Writer's picture: Noel OngNoel Ong

As we move into 2025, investors are most likely looking for a fresh start with some new stories and ideas of where they can invest or "Take a Punt". Let's be honest, for us, the retail investors in this sector of the ASX (Australian Stock Exchange), we are the so-called professional participants in a roller coaster ride that is commonly compared to the Casino.


For those seasoned players in the small-cap sector on the ASX, and especially those that live predominantly in the resource sector, 2025 is looking to have some fresh legs (we hope, anyway). The last two years have been hard, and there are probably still many "investors" who are still stuck in the lithium run who have not taken the hard medicine of taking the loss and looking set in other alternative stories.


Personally, I am fortunate enough to have missed that run and missed out on all the wins.
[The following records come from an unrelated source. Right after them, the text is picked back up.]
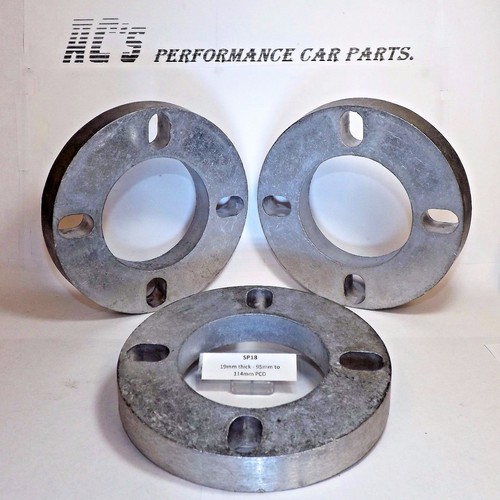 Pair 19mm thick universal - (2), thick,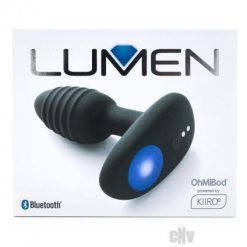 Ohmibod Lumen For Kiiroo Black
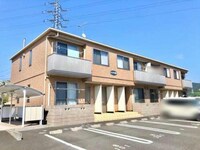 シャーメゾン富岡B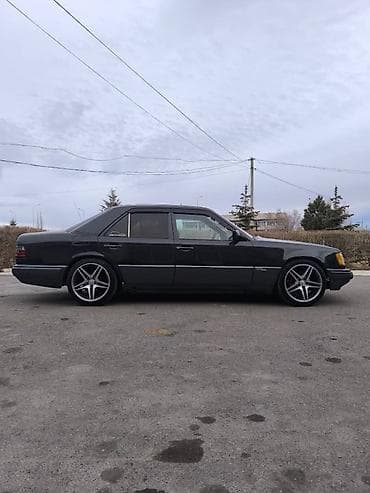 диски мерседес 220: Mercedes-Benz W124: 1994 г., 2.2 л, Механика, Бензин, Седан — 3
In hindsight, my insistence on an inability to believe the might of the premium status of lithium in the EV revolution proved to be correct; however, I have to admit that I was doubting myself for a while in the early days.


In saying that, over the many decades of taking that "Punt" within the confines of the ASX, I think the might of the EV revolution is yet to come. I have noticed that when a new story develops, whether it's lithium, nickel, iron ore, etc, there is always the initial hype, which is then followed by a correction, which is then followed by the boring part of real value creation, once the dust settles. I guess, this boring value creation period is what the "real money" feast on and always seems to be the correct strategy.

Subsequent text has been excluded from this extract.